= John LeFevre =

Writer and former investment banker

John LeFevre (born 1980) is a former Salomon Brothers and Citigroup investment banker and bond syndicate executive. LeFevre is known for creating the anonymous Goldman Sachs Elevator (@GSElevator) Twitter handle. The account purported to reflect and satirize banking culture, and accumulated considerable followers and press coverage. Goldman Sachs and Citigroup launched internal investigations in an attempt to identify the source(s) of the tweets. It was later revealed by media outlet Gawker that LeFevre had possibly plagiarized tweets from self-proclaimed 'Gadabout' John Munson.

== Life ==
LeFevre attended Choate Rosemary Hall in Wallingford, Connecticut and Babson College in Wellesley, Massachusetts. LeFevre joined Salomon Brothers in 2001, serving in its New York, London, and Hong Kong offices. The Asset magazine referred to LeFevre as "one of the most prolific syndicate managers in Asia." He later worked for Amias Berman & Co., a capital markets and private equity boutique founded by two former Citi bankers. In 2010, LeFevre signed paperwork with Goldman Sachs to run its Asian bond syndicate desk, but ultimately was prevented from joining Goldman Sachs due to a non-compete clause. LeFevre left the industry in 2012 to write his memoir, which was published in 2015 which and became a New York Times Bestseller. The book was optioned by Paramount as a movie with Zac Efron set to star.

== GSElevator ==
LeFevre created the @GSElevator Twitter in August 2011 as an "homage" to an earlier account called @CondeElevator, which shared supposedly overheard snippets from publisher Condé Nast. He would later describe his goal as "to illuminate Wall Street culture in an entertaining and insightful way". The account proved immediately successful and within a couple weeks, LeFevre (anonymously) was interviewed by Kevin Roose at The New York Times.
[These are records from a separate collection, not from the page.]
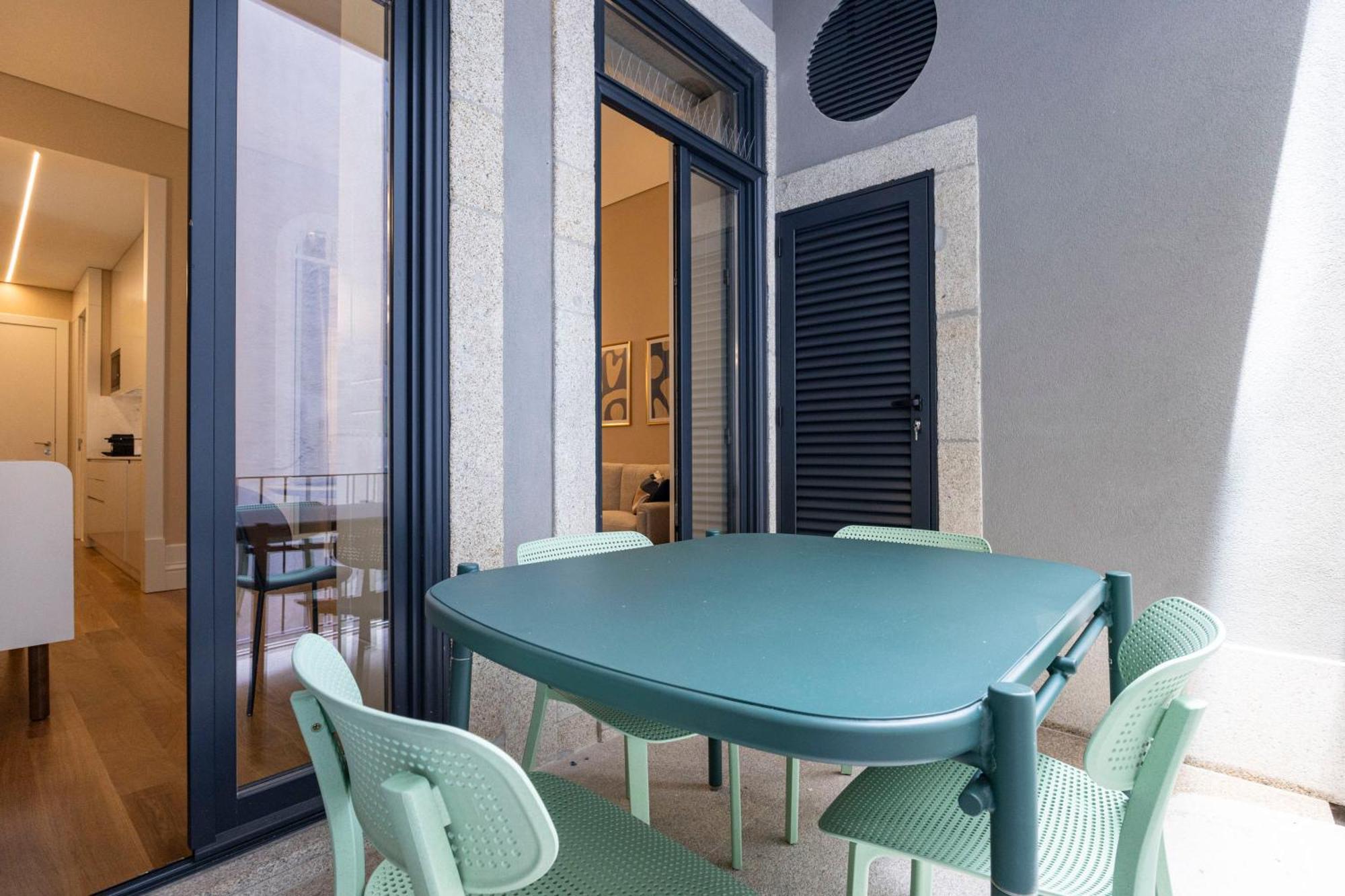 Apartmentsporto - Almada 318 Oporto
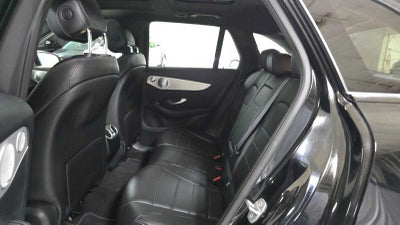 2021 Mercedes-Benz GLC 300 4MATIC® SUV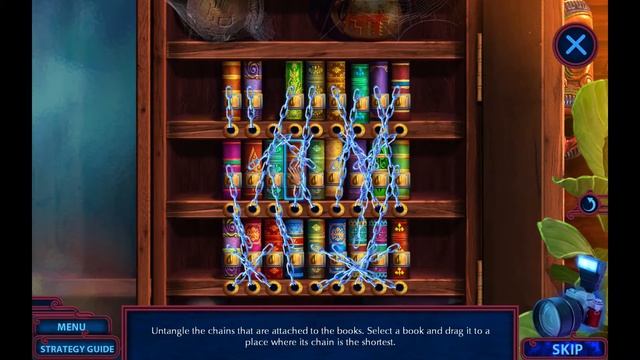 Hidden Expedition 20. Reign of Flames Walkthrough #2 смотреть онлайн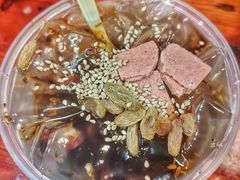 冰粉-老陶包子铺(南大西南村店)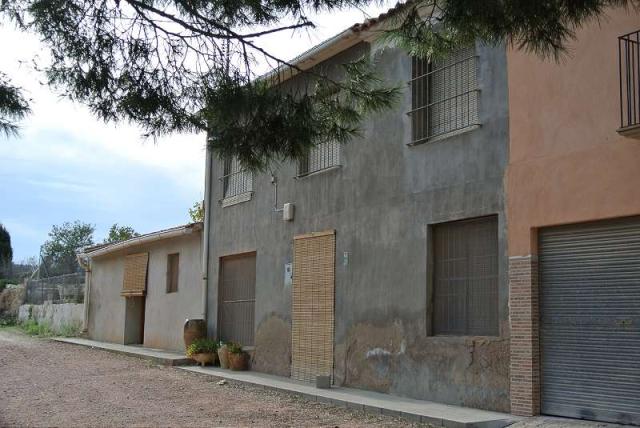4 bedroom Country House in Monovar
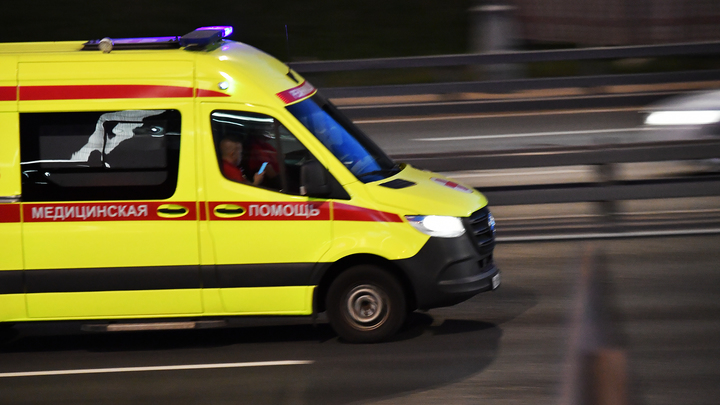 На Урале психиатр и его сын-инвалид погибли при странных обстоятельствах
By 2014, the account had over 600000 followers.

LeFevre later began writing articles and banking guides for Business Insider under the name "Goldman Sachs Elevator".

== Straight to Hell ==
In 2014, LeFevre began shopping around a book proposal based on his life as a banker, to be released under a pseudonym and marketed as by the man behind @GSElevator. The proposed title, under which it was eventually published, was Straight to Hell: True Tales of Deviance, Debauchery and Billion Dollar Deals.

Barron's called the book "a classic of the genre."